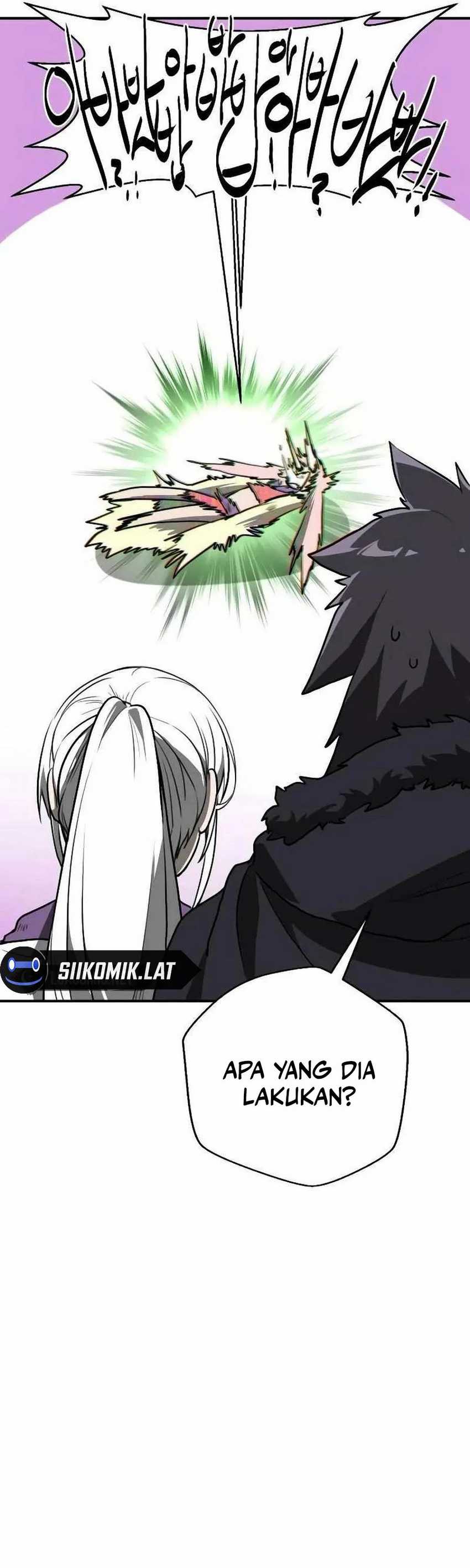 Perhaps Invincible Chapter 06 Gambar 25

---

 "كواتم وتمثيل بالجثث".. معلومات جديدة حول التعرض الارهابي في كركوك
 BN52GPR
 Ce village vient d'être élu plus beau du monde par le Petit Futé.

Exercise instructions:
When you reach the line holding "الارهابي في كركوك" in the records above, begin reproducing exactly, stop after the line holding "Ce village vient", and output nothing else.

Answer to this problem:
 "كواتم وتمثيل بالجثث".. معلومات جديدة حول التعرض الارهابي في كركوك
 BN52GPR
 Ce village vient d'être élu plus beau du monde par le Petit Futé.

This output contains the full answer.